Our discipleship ought to be filled with such hope. This ought to be us in ordinary time… in everyday lived out ordinary faith. When I shared on Facebook recently what our denomination has to say about racism in our Book of Confessions… we confess such things in the hope that someday this promise will be ordinary.


To remind you of that hope… from the Confession of 1967…


"In each time and place, there are particular problems and crises through which God calls the church to act. The church, guided by the Spirit, humbled by its own complicity and instructed by all attainable knowledge, seeks to discern the will of God and learn how to obey in these concrete situations."

"God has created the peoples of the earth to be one universal family. In his reconciling love, God overcomes the barriers between sisters and brothers and breaks down every form of discrimination based on racial or ethnic difference, real or imaginary. The church is called to bring all people to receive and uphold one another as persons in all relationships of life: in employment, housing, education, leisure, marriage, family, church and the exercise of political rights. Therefore, the church labors for the abolition of all racial discrimination and ministers to those injured by it. Congregations, individuals, or groups of Christians who exclude, dominate, or patronize others, however subtly, resist the Spirit of God and bring contempt on the faith which they profess."

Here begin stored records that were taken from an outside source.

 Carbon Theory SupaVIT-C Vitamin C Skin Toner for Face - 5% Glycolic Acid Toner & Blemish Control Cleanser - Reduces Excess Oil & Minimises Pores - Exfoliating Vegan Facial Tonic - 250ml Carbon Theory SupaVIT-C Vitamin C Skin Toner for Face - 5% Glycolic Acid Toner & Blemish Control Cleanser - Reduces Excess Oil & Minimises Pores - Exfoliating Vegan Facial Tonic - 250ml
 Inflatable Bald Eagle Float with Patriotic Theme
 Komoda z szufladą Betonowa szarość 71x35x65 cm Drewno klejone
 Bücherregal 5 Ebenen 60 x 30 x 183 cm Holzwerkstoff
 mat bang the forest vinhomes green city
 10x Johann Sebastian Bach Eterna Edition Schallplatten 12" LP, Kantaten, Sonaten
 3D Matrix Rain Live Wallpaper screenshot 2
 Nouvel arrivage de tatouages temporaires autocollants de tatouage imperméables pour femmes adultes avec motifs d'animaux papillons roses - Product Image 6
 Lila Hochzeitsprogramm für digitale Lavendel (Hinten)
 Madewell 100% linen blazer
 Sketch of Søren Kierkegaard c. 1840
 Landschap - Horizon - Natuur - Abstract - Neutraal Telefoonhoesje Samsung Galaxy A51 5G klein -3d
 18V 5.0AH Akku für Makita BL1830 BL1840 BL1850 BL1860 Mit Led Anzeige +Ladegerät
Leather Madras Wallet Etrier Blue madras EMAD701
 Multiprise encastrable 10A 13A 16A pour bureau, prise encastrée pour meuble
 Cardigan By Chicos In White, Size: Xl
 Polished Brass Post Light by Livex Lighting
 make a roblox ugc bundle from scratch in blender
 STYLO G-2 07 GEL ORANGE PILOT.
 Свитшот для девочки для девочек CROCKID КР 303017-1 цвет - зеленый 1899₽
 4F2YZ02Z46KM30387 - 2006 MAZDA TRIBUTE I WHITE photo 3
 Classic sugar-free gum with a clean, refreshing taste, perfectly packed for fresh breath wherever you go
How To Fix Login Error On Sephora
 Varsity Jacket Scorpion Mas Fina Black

And from the Confession of Belhar…


"We believe... that God wishes to teach the church to do what is good and seek the right; that the church must therefore stand by people in any form of suffering and need, which implies, among other things, that the church must witness against and strive against any form of injustice, so that justice may roll down like waters, and righteousness like an ever-flowing stream; that the church as the possession of God must stand where God stands, namely against injustice and with the wronged; that in following Christ the church must witness against all the powerful and privileged who selfishly seek their own interests and thus control and harm others.

Therefore we reject any ideology which would legitimate forms of injustice and any doctrine which is unwilling to resist such an ideology in the name of the gospel."


We may hear these words and our first response may be to laugh. Laugh at how naïve it may sound to our worldly ears. Laugh at how impossible these words are… how they may describe a promise, but these words will never actually find life in such a world as ours.


But then… after we laugh… I hope something will happen. Maybe we will hear the voice of God through the Holy Spirit. Maybe we will be nudged through our own discipleship and move down that path that leads to fulfillment. Maybe something will happen to bring us back to this hope… and we will try… we will try to give birth to a world where this is no longer just a promise waiting… but the ordinary truth in which we live. Amen.